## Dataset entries
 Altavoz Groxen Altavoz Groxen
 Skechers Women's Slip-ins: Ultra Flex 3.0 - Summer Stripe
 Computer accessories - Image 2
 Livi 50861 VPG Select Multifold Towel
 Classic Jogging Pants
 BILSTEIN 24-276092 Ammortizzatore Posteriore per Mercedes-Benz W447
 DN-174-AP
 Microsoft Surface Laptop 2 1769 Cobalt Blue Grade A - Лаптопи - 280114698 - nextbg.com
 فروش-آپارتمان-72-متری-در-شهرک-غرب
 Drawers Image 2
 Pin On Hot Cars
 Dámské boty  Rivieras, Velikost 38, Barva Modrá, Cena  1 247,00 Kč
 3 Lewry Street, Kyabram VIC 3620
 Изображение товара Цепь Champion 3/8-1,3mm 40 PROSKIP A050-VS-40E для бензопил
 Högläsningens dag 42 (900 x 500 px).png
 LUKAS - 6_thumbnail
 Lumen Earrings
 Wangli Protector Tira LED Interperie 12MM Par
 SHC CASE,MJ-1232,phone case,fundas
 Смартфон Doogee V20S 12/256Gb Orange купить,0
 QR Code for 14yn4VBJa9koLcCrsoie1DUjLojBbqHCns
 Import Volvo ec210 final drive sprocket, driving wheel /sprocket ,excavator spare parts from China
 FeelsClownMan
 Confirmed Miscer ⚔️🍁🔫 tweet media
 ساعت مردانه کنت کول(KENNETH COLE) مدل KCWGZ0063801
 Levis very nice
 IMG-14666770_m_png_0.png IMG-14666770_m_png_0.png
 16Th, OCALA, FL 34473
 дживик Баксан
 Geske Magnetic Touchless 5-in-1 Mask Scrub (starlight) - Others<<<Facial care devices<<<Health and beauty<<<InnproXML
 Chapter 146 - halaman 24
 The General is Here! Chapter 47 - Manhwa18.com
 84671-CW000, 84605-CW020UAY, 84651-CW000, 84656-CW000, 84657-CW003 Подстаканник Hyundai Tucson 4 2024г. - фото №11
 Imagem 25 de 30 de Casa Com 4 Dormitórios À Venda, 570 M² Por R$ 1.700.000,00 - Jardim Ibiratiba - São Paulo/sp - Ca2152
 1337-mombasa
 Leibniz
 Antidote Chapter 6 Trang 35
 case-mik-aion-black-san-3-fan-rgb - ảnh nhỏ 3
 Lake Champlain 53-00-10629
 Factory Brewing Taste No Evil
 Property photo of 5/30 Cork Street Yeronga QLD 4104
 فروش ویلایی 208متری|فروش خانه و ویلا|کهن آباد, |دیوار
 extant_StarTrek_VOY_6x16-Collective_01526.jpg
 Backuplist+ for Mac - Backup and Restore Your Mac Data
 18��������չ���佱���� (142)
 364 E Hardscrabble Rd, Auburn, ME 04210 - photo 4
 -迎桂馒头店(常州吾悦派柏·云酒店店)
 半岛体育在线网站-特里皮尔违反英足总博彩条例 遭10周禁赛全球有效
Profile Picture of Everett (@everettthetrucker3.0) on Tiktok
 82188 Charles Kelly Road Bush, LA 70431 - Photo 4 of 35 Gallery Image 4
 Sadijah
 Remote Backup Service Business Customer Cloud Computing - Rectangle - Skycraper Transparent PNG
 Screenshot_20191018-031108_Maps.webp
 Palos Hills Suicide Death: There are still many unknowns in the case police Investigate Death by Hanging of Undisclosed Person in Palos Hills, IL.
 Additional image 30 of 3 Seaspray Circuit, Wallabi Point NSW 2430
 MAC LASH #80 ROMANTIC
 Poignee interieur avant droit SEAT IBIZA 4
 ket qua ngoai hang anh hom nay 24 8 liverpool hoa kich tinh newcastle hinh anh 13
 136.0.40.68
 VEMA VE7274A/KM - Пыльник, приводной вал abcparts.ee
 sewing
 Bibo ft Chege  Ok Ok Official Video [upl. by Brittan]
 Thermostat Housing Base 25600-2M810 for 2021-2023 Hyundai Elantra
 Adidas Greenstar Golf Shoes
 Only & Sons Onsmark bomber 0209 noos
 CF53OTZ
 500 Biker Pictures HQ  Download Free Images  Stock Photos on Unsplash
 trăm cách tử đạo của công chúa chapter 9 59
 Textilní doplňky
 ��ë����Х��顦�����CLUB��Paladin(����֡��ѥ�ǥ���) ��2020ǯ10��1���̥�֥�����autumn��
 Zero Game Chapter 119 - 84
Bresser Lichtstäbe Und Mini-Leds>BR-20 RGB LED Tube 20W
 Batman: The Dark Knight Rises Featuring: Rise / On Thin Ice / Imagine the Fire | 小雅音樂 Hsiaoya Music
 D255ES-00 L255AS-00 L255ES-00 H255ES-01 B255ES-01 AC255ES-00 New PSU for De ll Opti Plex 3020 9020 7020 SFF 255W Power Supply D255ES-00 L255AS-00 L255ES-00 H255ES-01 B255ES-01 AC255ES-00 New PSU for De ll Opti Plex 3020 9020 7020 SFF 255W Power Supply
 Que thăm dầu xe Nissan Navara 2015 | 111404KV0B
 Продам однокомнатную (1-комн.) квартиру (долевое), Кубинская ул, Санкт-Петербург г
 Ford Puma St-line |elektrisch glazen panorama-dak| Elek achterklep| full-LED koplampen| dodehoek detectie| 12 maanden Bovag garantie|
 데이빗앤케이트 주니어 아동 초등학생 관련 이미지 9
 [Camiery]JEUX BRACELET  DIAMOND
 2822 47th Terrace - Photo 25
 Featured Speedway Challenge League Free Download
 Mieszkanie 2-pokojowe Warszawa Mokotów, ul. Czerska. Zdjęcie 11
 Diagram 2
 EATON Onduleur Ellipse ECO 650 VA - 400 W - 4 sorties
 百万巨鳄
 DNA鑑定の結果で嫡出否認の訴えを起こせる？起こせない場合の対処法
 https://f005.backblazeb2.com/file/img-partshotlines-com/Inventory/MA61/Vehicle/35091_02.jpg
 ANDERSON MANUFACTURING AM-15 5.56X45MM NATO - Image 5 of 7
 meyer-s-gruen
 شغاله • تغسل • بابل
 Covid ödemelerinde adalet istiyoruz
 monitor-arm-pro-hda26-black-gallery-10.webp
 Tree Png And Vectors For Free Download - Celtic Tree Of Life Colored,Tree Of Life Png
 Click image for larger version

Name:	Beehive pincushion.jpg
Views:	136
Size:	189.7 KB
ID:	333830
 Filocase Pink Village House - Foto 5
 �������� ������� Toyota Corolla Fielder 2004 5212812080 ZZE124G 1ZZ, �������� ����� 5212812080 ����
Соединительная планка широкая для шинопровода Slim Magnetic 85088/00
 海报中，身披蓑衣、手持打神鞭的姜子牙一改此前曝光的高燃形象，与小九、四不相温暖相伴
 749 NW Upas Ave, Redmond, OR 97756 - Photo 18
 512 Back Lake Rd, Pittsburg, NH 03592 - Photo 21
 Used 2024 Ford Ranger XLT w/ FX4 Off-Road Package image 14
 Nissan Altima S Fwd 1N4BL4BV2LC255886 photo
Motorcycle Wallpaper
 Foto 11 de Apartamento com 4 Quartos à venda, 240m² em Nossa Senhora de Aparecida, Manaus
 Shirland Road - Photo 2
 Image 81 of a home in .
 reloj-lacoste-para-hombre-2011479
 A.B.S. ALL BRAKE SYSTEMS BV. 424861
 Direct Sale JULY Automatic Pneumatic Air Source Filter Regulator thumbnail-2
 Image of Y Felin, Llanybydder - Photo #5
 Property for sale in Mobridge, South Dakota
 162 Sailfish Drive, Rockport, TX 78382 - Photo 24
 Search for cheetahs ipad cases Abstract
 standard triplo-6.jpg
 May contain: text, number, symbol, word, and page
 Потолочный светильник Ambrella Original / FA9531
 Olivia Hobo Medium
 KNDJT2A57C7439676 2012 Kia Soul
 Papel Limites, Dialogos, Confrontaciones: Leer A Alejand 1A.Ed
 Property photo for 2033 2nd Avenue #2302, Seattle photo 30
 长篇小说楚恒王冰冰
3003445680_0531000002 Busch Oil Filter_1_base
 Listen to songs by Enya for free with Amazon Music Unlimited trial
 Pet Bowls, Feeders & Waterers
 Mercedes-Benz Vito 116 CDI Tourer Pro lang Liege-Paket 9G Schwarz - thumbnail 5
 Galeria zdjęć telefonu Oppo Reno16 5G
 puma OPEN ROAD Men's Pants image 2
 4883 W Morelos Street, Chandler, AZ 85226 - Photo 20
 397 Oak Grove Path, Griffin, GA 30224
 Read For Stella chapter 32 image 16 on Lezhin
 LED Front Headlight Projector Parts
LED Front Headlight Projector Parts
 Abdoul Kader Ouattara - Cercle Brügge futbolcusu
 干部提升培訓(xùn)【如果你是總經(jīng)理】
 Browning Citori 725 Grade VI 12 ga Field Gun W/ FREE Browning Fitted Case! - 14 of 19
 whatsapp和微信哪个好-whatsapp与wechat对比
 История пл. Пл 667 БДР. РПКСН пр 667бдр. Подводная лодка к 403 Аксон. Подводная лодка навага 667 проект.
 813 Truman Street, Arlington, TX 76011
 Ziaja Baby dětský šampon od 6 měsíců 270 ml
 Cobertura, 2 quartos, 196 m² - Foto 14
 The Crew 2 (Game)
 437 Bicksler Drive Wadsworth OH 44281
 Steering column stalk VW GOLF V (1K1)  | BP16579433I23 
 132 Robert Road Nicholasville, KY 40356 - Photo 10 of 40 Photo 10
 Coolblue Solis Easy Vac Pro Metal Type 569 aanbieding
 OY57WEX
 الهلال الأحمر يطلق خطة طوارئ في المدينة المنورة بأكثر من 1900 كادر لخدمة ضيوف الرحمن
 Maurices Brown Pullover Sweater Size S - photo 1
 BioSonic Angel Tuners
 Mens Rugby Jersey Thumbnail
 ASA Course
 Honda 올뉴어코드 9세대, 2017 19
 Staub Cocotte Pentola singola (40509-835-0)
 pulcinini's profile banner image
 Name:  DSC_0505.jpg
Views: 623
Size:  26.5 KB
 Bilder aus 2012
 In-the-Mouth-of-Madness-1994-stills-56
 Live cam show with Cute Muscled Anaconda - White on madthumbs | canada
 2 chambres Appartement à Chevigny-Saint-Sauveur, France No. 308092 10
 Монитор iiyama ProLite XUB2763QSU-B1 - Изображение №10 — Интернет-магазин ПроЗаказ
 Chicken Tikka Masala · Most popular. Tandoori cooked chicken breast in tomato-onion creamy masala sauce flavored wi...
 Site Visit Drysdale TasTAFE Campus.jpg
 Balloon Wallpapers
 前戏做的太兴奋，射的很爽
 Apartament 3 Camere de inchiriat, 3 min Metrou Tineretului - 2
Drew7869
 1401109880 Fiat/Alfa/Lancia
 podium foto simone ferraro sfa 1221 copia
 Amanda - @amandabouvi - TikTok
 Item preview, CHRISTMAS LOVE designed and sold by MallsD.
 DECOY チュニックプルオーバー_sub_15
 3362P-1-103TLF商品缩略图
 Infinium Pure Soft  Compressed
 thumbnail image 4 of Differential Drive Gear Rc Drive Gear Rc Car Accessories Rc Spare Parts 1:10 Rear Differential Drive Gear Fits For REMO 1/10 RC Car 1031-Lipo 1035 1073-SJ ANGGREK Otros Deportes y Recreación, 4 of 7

## Task to carry out
Could you reproduce exactly the lines of the entries above, from the one with "136.0.40.68" through the one with "Продам однокомнатную (1-комн.)", and nothing else?

## Task solution
 136.0.40.68
 VEMA VE7274A/KM - Пыльник, приводной вал abcparts.ee
 sewing
 Bibo ft Chege  Ok Ok Official Video [upl. by Brittan]
 Thermostat Housing Base 25600-2M810 for 2021-2023 Hyundai Elantra
 Adidas Greenstar Golf Shoes
 Only & Sons Onsmark bomber 0209 noos
 CF53OTZ
 500 Biker Pictures HQ  Download Free Images  Stock Photos on Unsplash
 trăm cách tử đạo của công chúa chapter 9 59
 Textilní doplňky
 ��ë����Х��顦�����CLUB��Paladin(����֡��ѥ�ǥ���) ��2020ǯ10��1���̥�֥�����autumn��
 Zero Game Chapter 119 - 84
Bresser Lichtstäbe Und Mini-Leds>BR-20 RGB LED Tube 20W
 Batman: The Dark Knight Rises Featuring: Rise / On Thin Ice / Imagine the Fire | 小雅音樂 Hsiaoya Music
 D255ES-00 L255AS-00 L255ES-00 H255ES-01 B255ES-01 AC255ES-00 New PSU for De ll Opti Plex 3020 9020 7020 SFF 255W Power Supply D255ES-00 L255AS-00 L255ES-00 H255ES-01 B255ES-01 AC255ES-00 New PSU for De ll Opti Plex 3020 9020 7020 SFF 255W Power Supply
 Que thăm dầu xe Nissan Navara 2015 | 111404KV0B
 Продам однокомнатную (1-комн.) квартиру (долевое), Кубинская ул, Санкт-Петербург г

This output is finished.